The contrast between feature-unification and prolog-unification is
unnecessary and expensive.  Mapping high-level feature matrix notation
to prolog terms in a controlled way allows you to treat
feature-unification as prolog-unification, directly on the whole
feature matrix represented as a prolog term with a known structure.  It
becomes the same thing.

Tom Wachtel (wachtel@canon.co.uk)

stolcke@ICSI.Berkeley.EDU (Andreas Stolcke) (01/29/91)

In article <1991Jan28.131922.727@canon.co.uk>, wachtel@canon.co.uk (Tom Wachtel) writes:
|> gosse@gufal02.let.rug.nl (Gosse Bouma) writes:
|> 
|> >I find that reasonable, given the fact that
|> >feature-unification, rather than prolog-unification, has to be performed
|> 
|> The contrast between feature-unification and prolog-unification is
|> unnecessary and expensive.  Mapping high-level feature matrix notation
|> to prolog terms in a controlled way allows you to treat
|> feature-unification as prolog-unification, directly on the whole
|> feature matrix represented as a prolog term with a known structure.  It
|> becomes the same thing.


For that to work, it seems, you'd have to map features onto argument
positions.  Unless you want to severely restrict the domains of features at
`compile time' I don't see how this could work.  You would lose the
very flexibility which makes f-structures so popular among, e.g., grammar
writers.  Also, many Prolog implementations have upper limits on the
number of argument positions in terms.  In any case you wast a lot of space
for keeping argument slots for features not actually used.

The approach I'm familiar with is to encode feature-value sets as
open-ended lists.
This still requires explicit implementation of f-structure unification,
but the resulting complexity is no worse than Prolog's
unification (linear in the size of the smaller structure),
and very acceptable in practice. Also, you can easily add occur checks if
need be.

Maybe you have something else in mind, in which case I'd like to know more
about it.

-- 
Andreas Stolcke					stolcke@icsi.berkeley.edu
International Computer Science Institute	stolcke@ucbicsi.bitnet
1957 Center St., Suite 600, Berkeley, CA 94704	(415) 642-4274 ext. 126

wachtel@canon.co.uk (Tom Wachtel) (01/29/91)
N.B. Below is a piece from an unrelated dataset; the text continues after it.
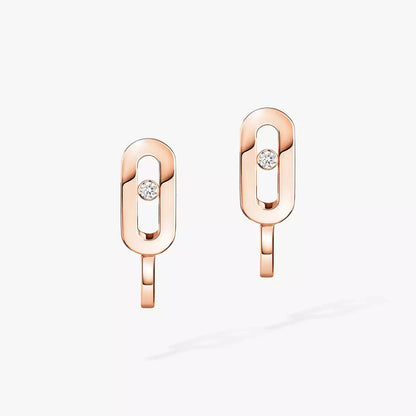[Noble Aura jewelry]Diamond Mini Hoop Earrings Move Classique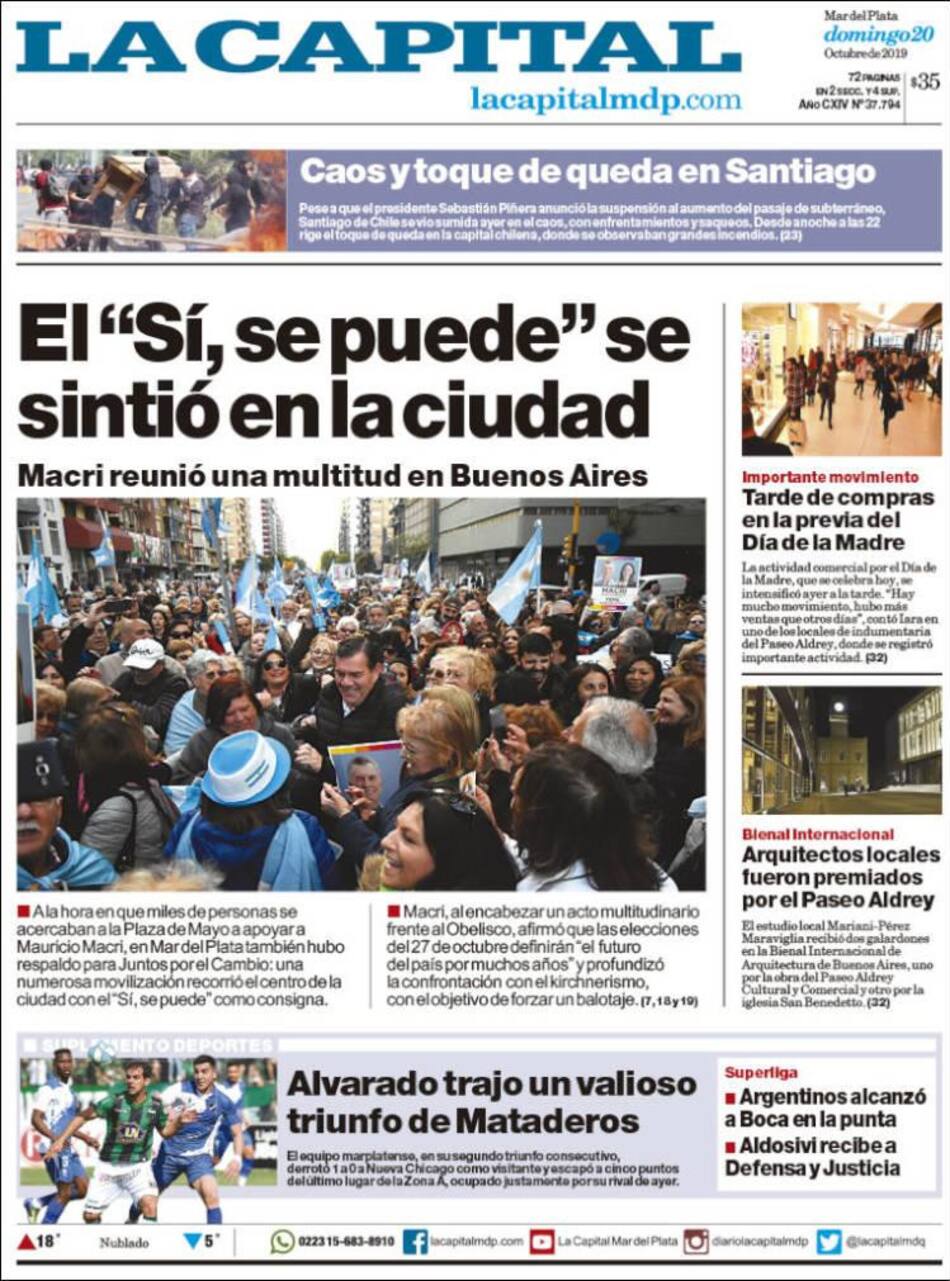 Tapas de Diarios, La Capital, Domingo 20-10-19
stolcke@ICSI.Berkeley.EDU (Andreas Stolcke) writes:

>For that to work, it seems, you'd have to map features onto argument
>positions.  Unless you want to severely restrict the domains of features at
>`compile time' I don't see how this could work.
[...]
>In any case you wast a lot of space
>for keeping argument slots for features not actually used.
[...]
>The approach I'm familiar with is to encode feature-value sets as
>open-ended lists.

I'm not sure what domain restrictions you have in mind, but I'd be glad
to hear about them. I'm assuming that you never want to have to
explicitly compare or manipulate feature values, but only unify or fail
to unify feature matrices. I'm also assuming you use a compiler to get
from whatever high-level representation you favour down to the prolog
code.  The thing I like most about it is that you are really unifying
(or failing to unify) entire feature matrices rather than specific
features, which I think is an important notion in unification-based
grammars.

It's true that you waste a lot of space for empty slots. The biggest
problem I have come across, however, is the limit on the number of
registers, so that if you have more than 32 non-anonymous variables
(i.e. unified feature values) in the head of a rule, then it all falls
over. You can code around that at compile time, but it is a bit messy.

What you get is matrix unification as =/2 at parse time, without losing
high-level expressiveness, since the compiler handles things for you. I
think it's worth it.

Tom Wachtel (wachtel@canon.co.uk)